4) And yes, sadly your experience with your primary care doctor is not atypical. As you already know, a growing body of information suggests just the opposite. We believe we CAN influence our future and delay/prevent this devastating disease.
sending hugs your way...Lucy

[Worried2018]

Hi Lucy,
Thanks for your reply. It is good to be in a community where people understand and care.
I did not know that one can access raw data on 23andme -- this is super helpful. I found that I am T/T in rs429358 and C/C in rs7412,
so I am E3/E3. That is good news.
Is there a list of other SNPs and their interpretations on this website?
Sorry for asking, I am sure there is such a list somewhere, and I could find it if I spent more time searching, but if you have a quick link, I'll just be lazy.

[slacker]

Hi Lucy,
Thanks for your reply. It is good to be in a community where people understand and care.
I did not know that one can access raw data on 23andme -- this is super helpful. I found that I am T/T in rs429358 and C/C in rs7412,
so I am E3/E3. That is good news.
Is there a list of other SNPs and their interpretations on this website?
Sorry for asking, I am sure there is such a list somewhere, and I could find it if I spent more time searching, but if you have a quick link, I'll just be lazy.

Hi worried;

I personally have not done 23&me yet, but have noticed that many users use Promethease to help interpret the raw data from 23&me. The cost is low ($10?). Rhonda Patrick provides a similar service on her website. SNPedia is another resource, but perhaps a bit more difficult to translate. I don't think we have bothered to replicate these services, but you can find conversations on different SNPs if interested (search function magnifying glass in toolbar right upper corner of website)

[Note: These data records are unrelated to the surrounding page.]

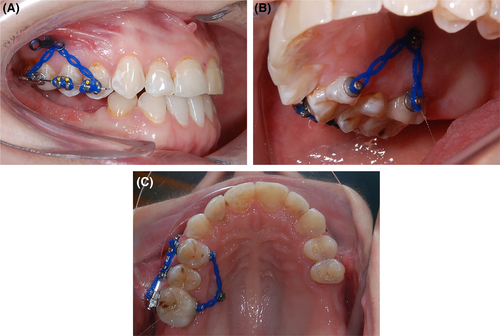 Details are in the caption following the image Details are in the caption following the image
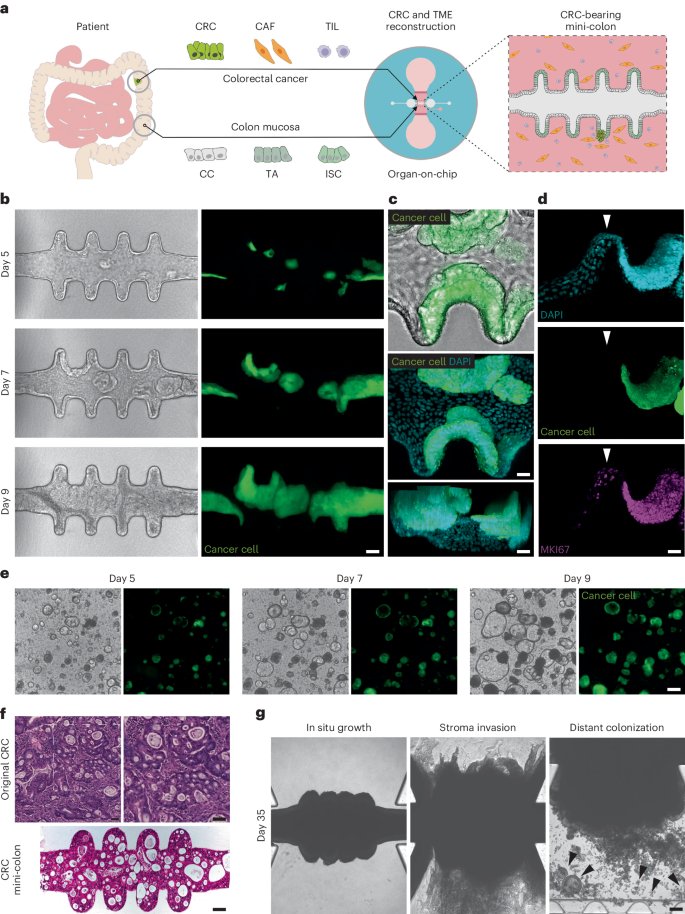 Patient-derived mini-colons enable long-term modeling of tumor–microenvironment complexity go.nature.com/3LblcjH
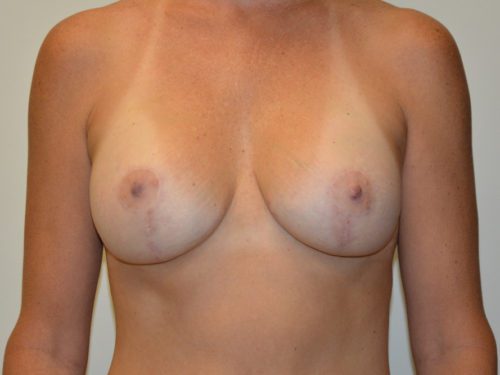 Breast Augmentation w/Lift After Patient 1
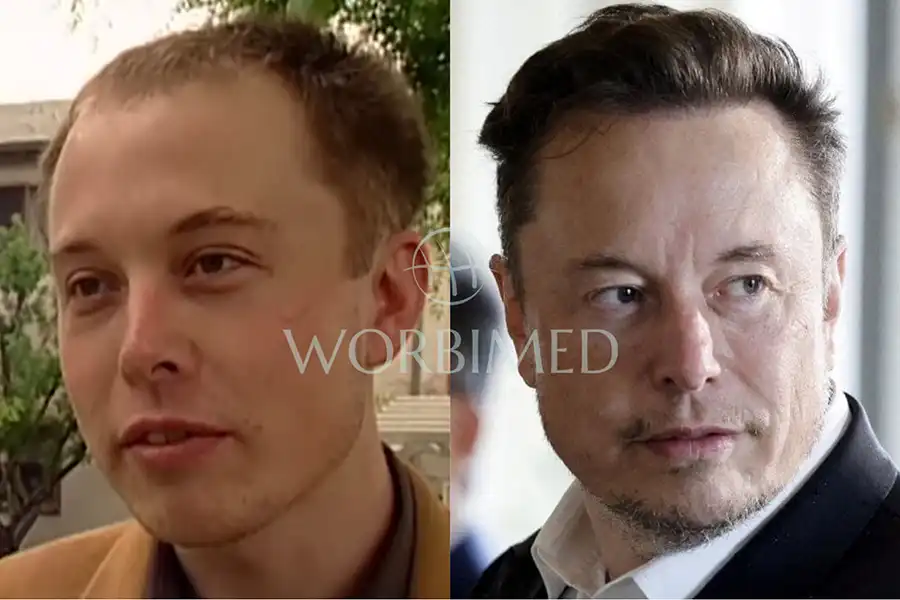 Elon Musk Hair Transplant l Before and After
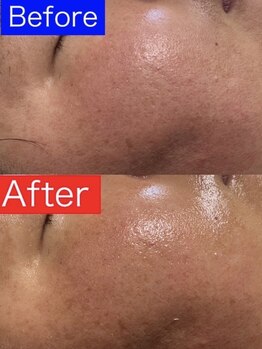 エナジーサロン アカリ(燿)/セルマン洗顔のみ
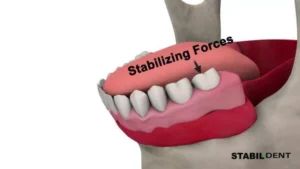3D cross-section of a tooth showing a root canal procedure with infected pulp being removed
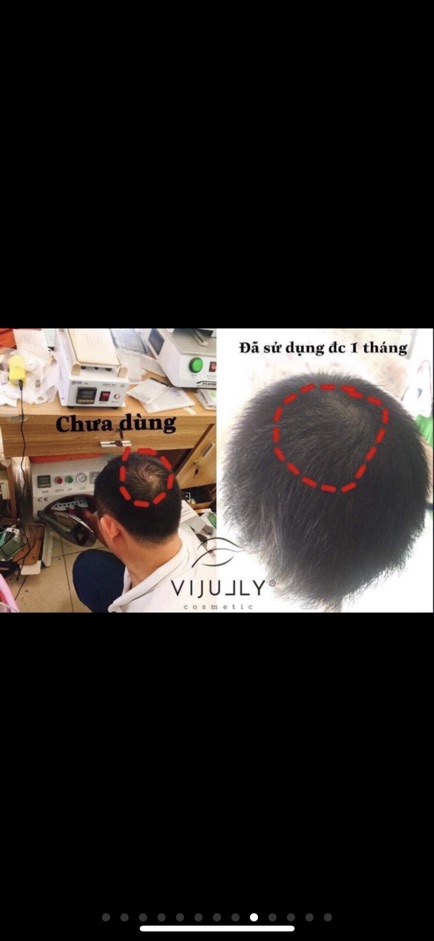 [Tặng 1 mask khổ qua 🎁 ] Tinh Dầu Bưởi kích mọc tóc Vi Jully | BigBuy360 - bigbuy360.vn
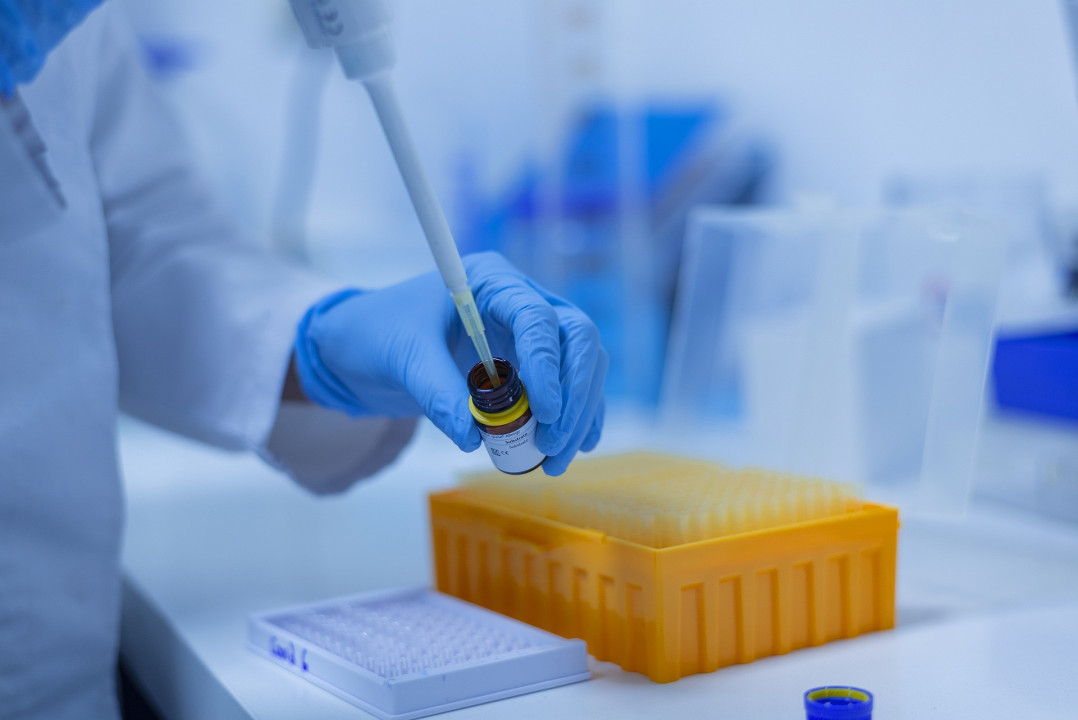 Laboratorija test covid/ Foto / Pixabay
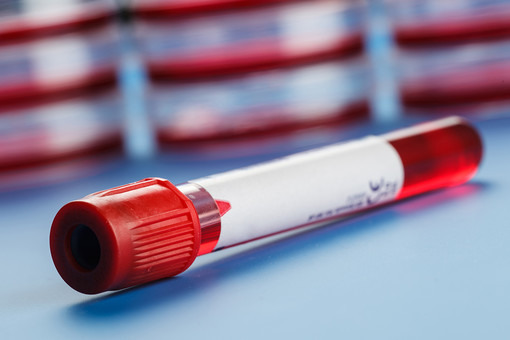 Ученые придумали, как предсказать риск развития лейкемии по анализу крови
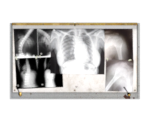 X-Ray Light Box - BioShock 2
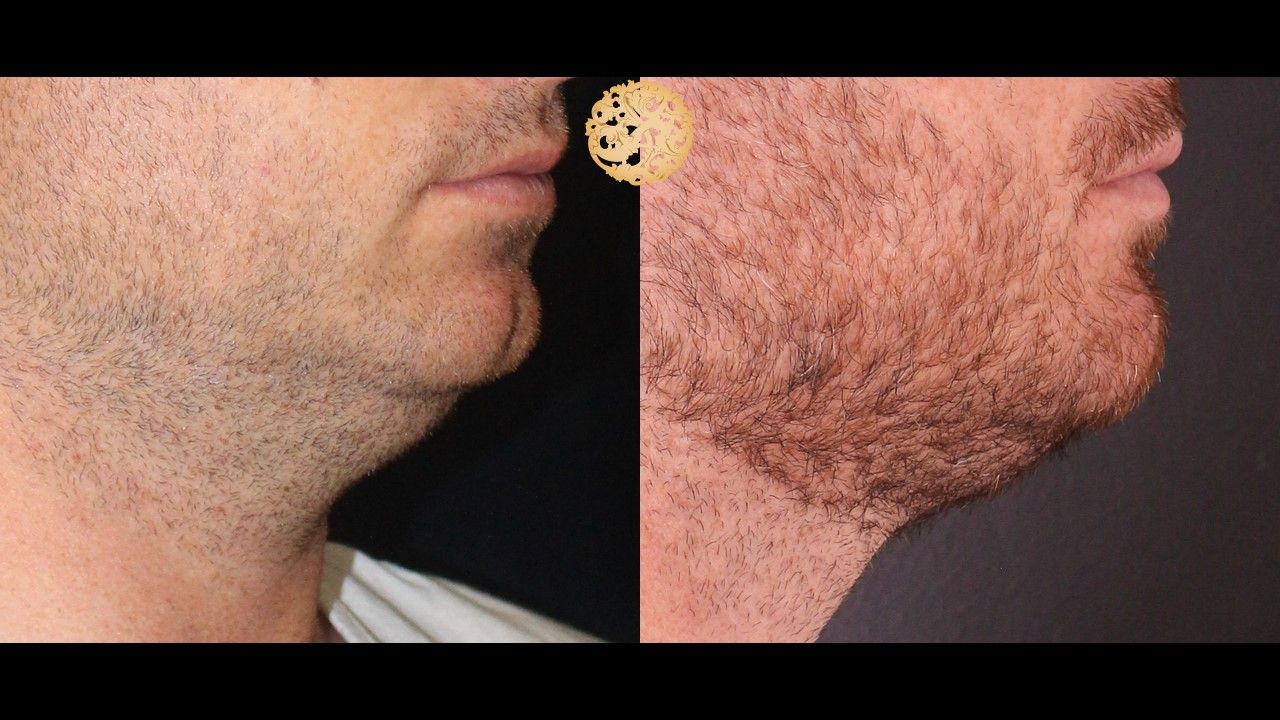 Face Liposuction Before & After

Some times there are no shortcuts!

[srbogert]

Hi Lucy,
Thanks for your reply. It is good to be in a community where people understand and care.

Hello Worried. Welcome to the site. Yes, it is a very supportive community.
I'm glad that you were able to find more about your status. Stavia's Primer includes a good summary about the different gene options in APOE (E2, E3, E4). The How to guide will help you with searching the site for other information about lifestyle and testing sources. Feel free to post if you have any other questions.

[Worried2018]

Thank you Lucy, srbogert, for your warm welcome.
I have downloaded my 23andme data to Promethease and spent yesterday evening looking at it. I certainly have some negative markers but nothing that would explain my family history of dementia - at least nothing that I can tell. But I am not an expert.
I am considering making an appointment with a Bredesen-trained functional medicine doctor. There are several in town, so I have a choice. They are all rather expensive, and my insurance is not going to pay even the labs.
Dr. Bredesen suggests not to do his protocol blind but tailor it. Well, it will be still much less expensive than developing AD and pay for that.